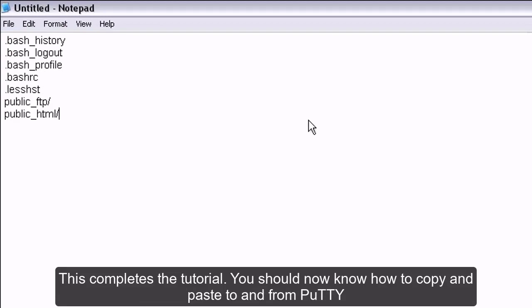This completes the tutorial. You should now know how to copy and paste to and from PuTTY.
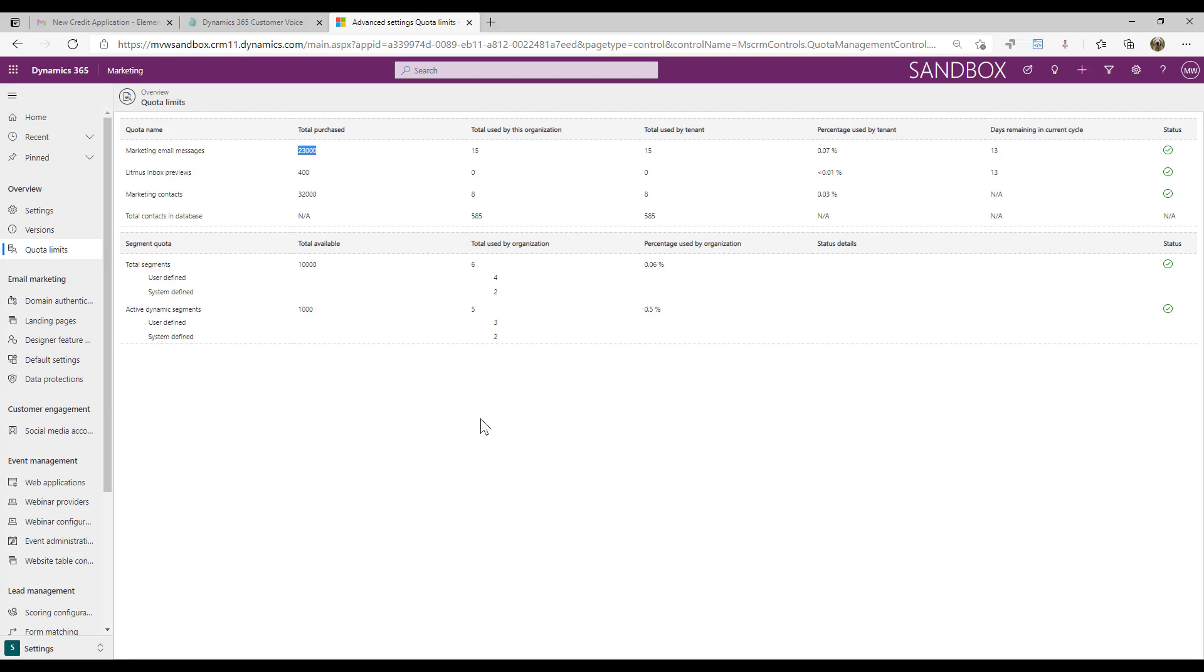Get to know your quota limits. If you see that you've got a total number of contacts in the database that is way higher than the number of marketing contacts that you're allowed and you see that you're getting closer, it might be worth talking to your system administrator to see about getting more marketing contacts added into your environment. Know where they are, understand what they're telling you so you can see if you're getting close and if you need to increase things.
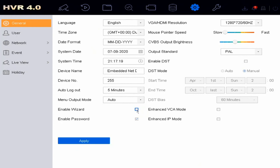So remove that, uncheck that, apply that. The wizard will not happen anymore because you have unchecked it. Password as well,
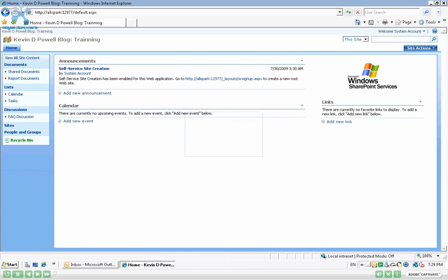So today let's try to work on creating new document libraries within SharePoint. I'm going to create a new document library and create a new picture library.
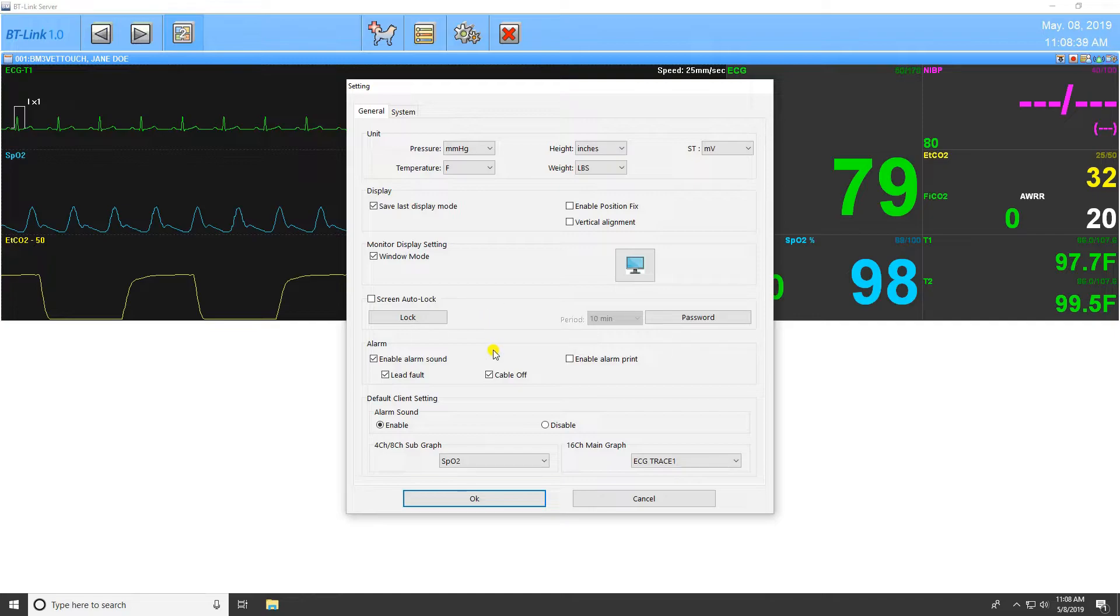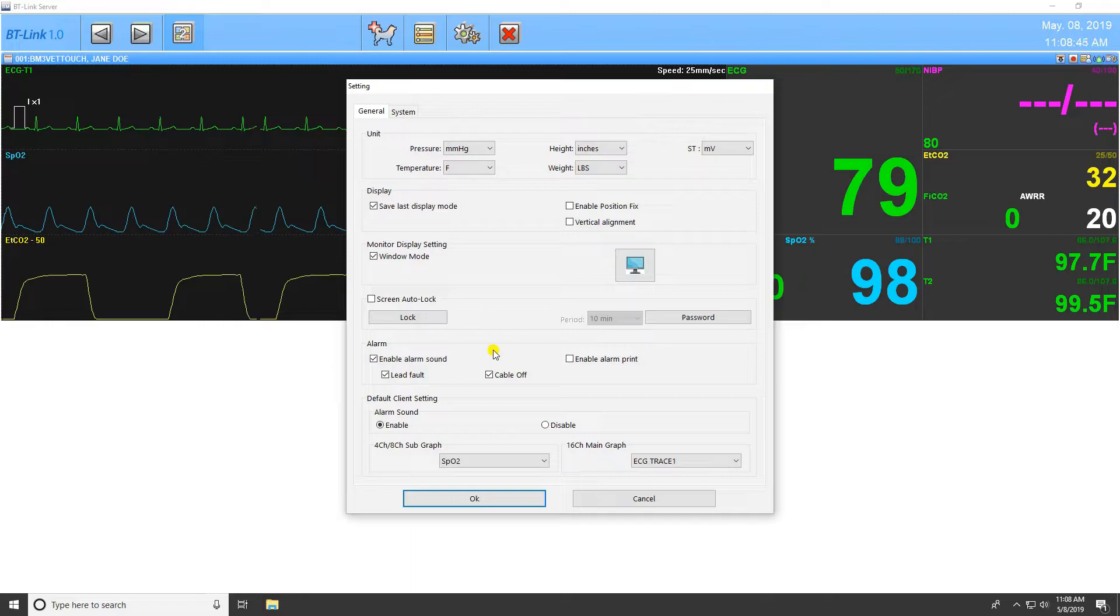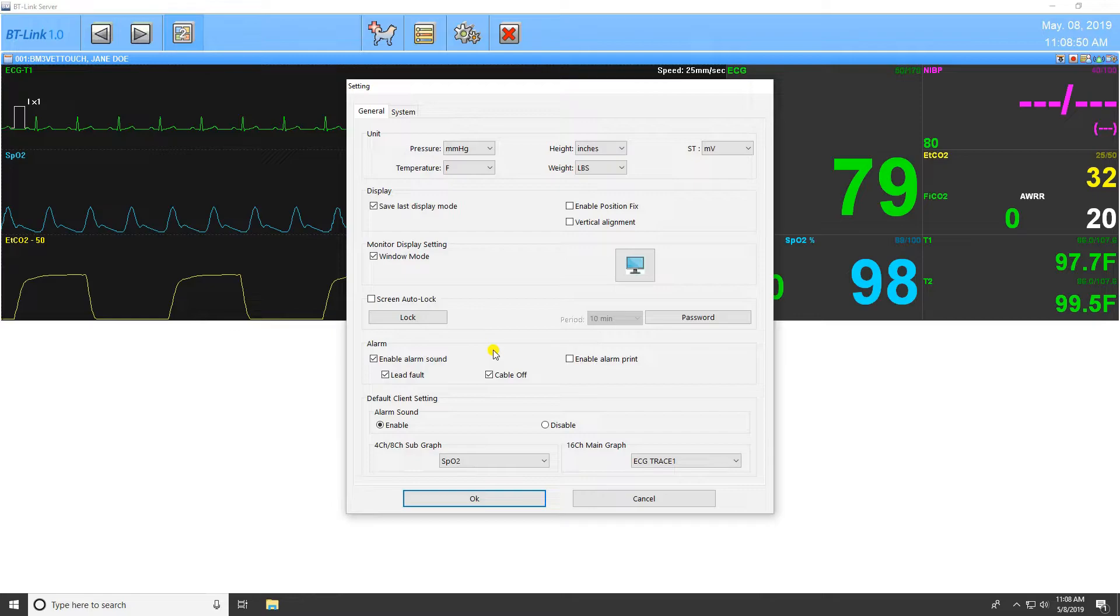The next setting is the Alarm setting. This allows you to change if alarms are enabled across the entire software and under what conditions alarms are triggered. Be advised, disabling alarms here will disable alarms entirely, even if they are enabled in the client window.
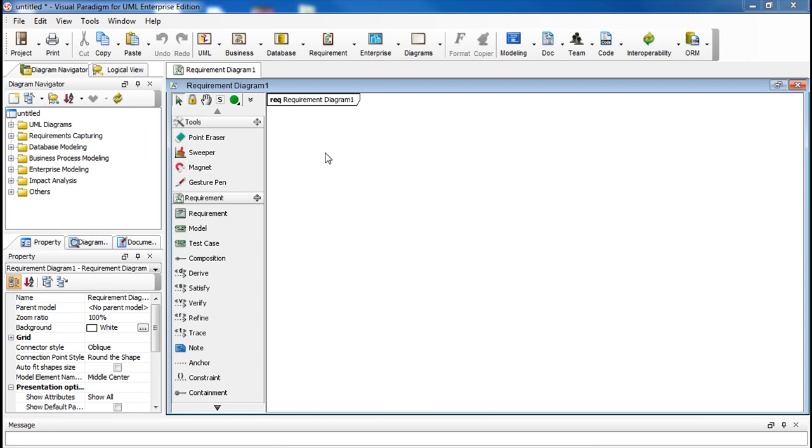In a requirement diagram, every requirement shape you draw automatically gets an ID number that is unique within the project.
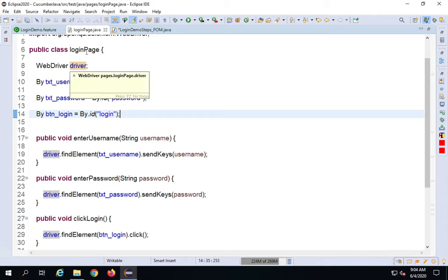It runs a second time with the second data set, and we can verify in the console: it prints 'I am inside LoginDemoSteps_POM' — confirming execution from our Page Object Model class. We can also make the locator fields private so they're only accessible within that class, and make the WebDriver field protected so it's accessible within the class and package or subclasses.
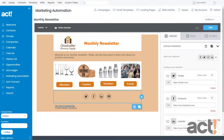Sometimes your eMarketing templates will need to include a pre-built chunk of HTML code in order to get your message across successfully. So in this video, I want to show you how you can add an HTML block of content to your template in ACT Marketing Automation.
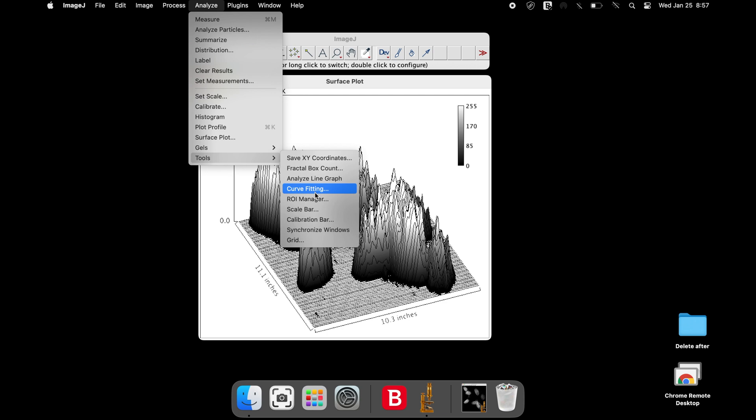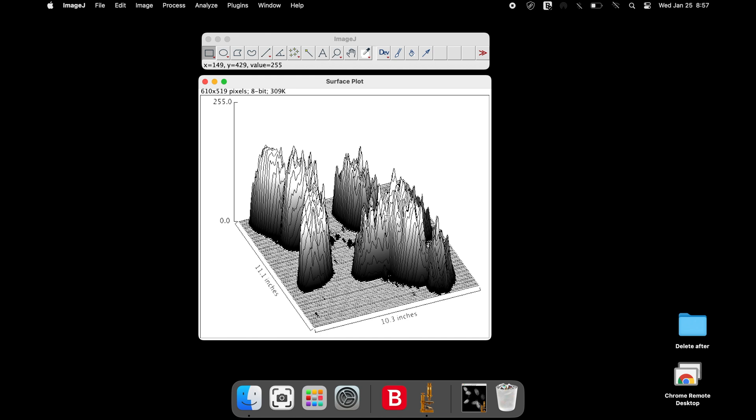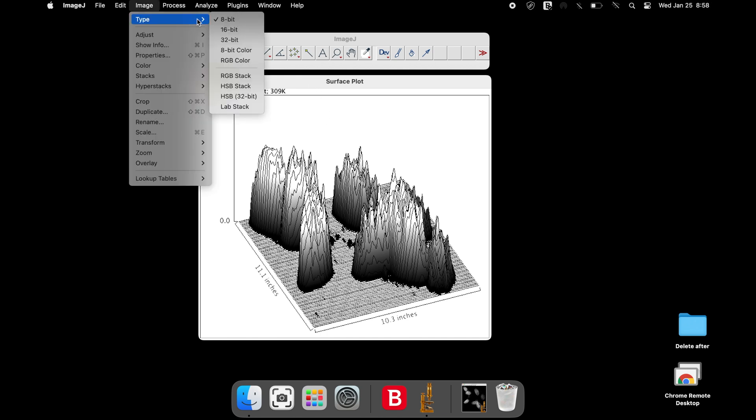First, remove the calibration bar of the surface plot from the image. Once removed, change the image type from 8-bit to RGB color.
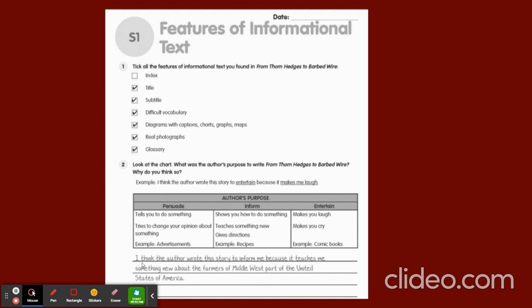The purpose of this block: the author wrote this to inform us, because it teaches us something new about the farmers of the middle west part of the United States of America — the difficulties of farming and also safeguarding the livestock. Complete the given work in the daily schedule, follow the video. I'll see you tomorrow. Bye-bye children.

================================

--- EXERCISE PROMPT ---
Exclude the pictures and write out exactly the lines from the one holding "Sometimes your eMarketing" through the end of the entries, inclusive, and only those.

--- ANSWER TO THIS PROBLEM ---
Sometimes your eMarketing templates will need to include a pre-built chunk of HTML code in order to get your message across successfully. So in this video, I want to show you how you can add an HTML block of content to your template in ACT Marketing Automation.
First, remove the calibration bar of the surface plot from the image. Once removed, change the image type from 8-bit to RGB color.
The purpose of this block: the author wrote this to inform us, because it teaches us something new about the farmers of the middle west part of the United States of America — the difficulties of farming and also safeguarding the livestock. Complete the given work in the daily schedule, follow the video. I'll see you tomorrow. Bye-bye children.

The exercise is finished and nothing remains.